How will Labour eradicate poverty in our country without addressing the fact that women are systemically paid less than men and are over-represented in many of the poorest paid industries? When women are still the primary caregivers of children, expected to put careers on hold for parenting?

How will Labour make sure Kiwis get the care they need when they need it and give our doctors and nurses and health workers the funding they need to do their jobs without looking at the infantilising red tape around abortion, or the utter lack of meaningful support for trans health care?

How do we modernise our education system so our kids are better prepared for jobs that haven’t even been invented yet without mentioning children with special needs or the entrenched disparities for Māori and Pasifika kids?

You won’t get very far changing the fundamental inequalities created by modern capitalism if you don’t understand that those inequalities, and the “identities” you want to kick out of the debate, are the same problem.

Why are women treated as a separate class? So we stay at home and have babies create new economic units, and if we wander accidentally into the workforce, we’re paid less to put downward pressure on all workers’ pay and conditions.

Why are gay or lesbian or trans or genderqueer people treated as separate classes and singled out for abuse? Because they mess up the whole heterosexual family structure which has babies creates new economic units.

Colonialism, and the impact it has on indigenous people of colour, is part and parcel of the capitalist need to constantly grow and consume land and resources.
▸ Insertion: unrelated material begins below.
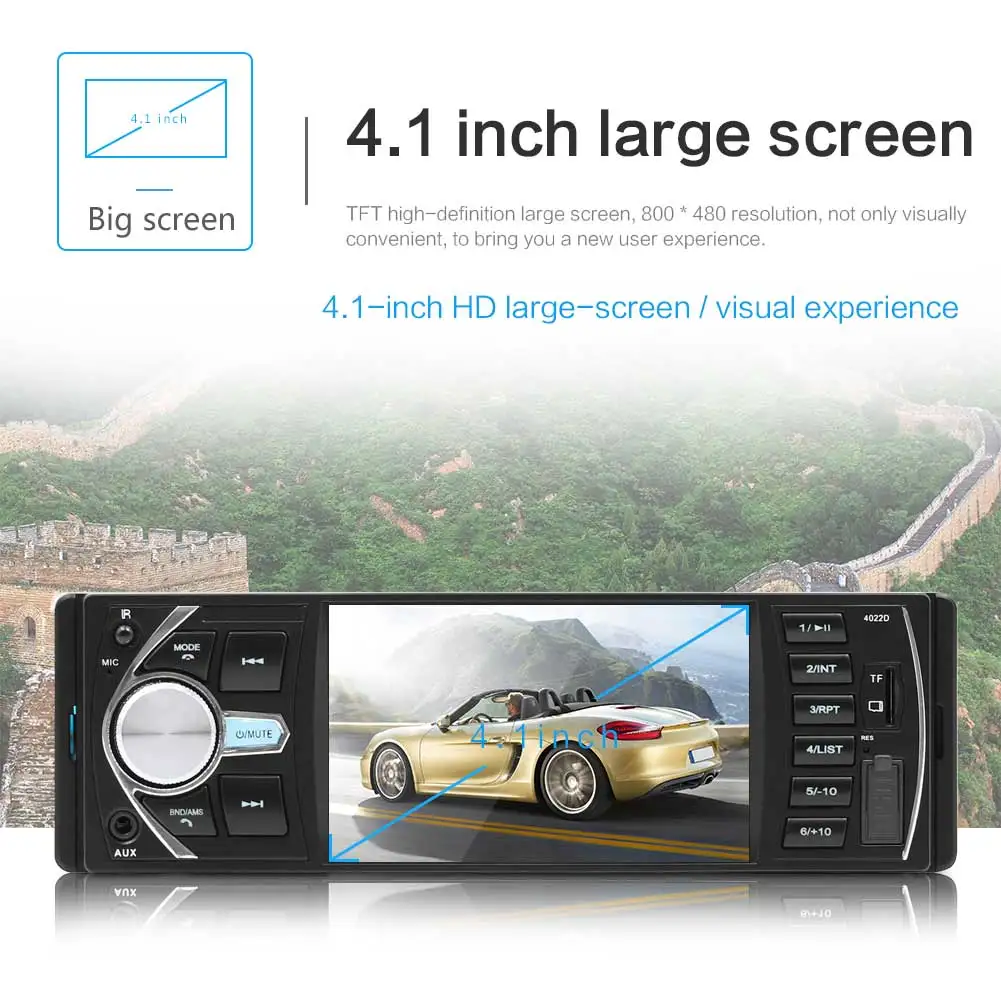 TOSPRA 4022D Car Stereo MP5 Player Bluetooth USB TF Card AUX Radio In Dash Receiver Supporting Reversing Image and Video Output
TOSPRA 4022D Car Stereo MP5 Player Bluetooth USB TF Card AUX Radio In Dash Receiver Supporting Reversing Image and Video Output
I oversimplify greatly. But if you believe we can take serious action on poverty, on jobs, on the future of work, or on people’ aspirations for a better life without discussing “identity” politics, you don’t understand capitalism. And you certainly don’t get how to fight it.

Andrew said in his speech:

New Zealanders are sick and tired of a politics that’s defined by cynicism and devoid of ambition.

I’m sick and tired of the cynicism which says “women and minorities, go away, no one wants to hear you whining.” I’m sick and tired of the lack of ambition from so many leftwingers who say we can’t do more than one thing at a time, and we can’t care about anyone who isn’t like us.

Take what you like from Andrew’s speech. What I took from it is this.

The experiences I’ve had in my working life have taught me the type of leadership you need if you want to fight and win for progressive causes.

I learnt that it isn’t about making everyone happy or trying to avoid confrontation and disagreement.

Instead it’s about taking a stand because it’s the right thing to do.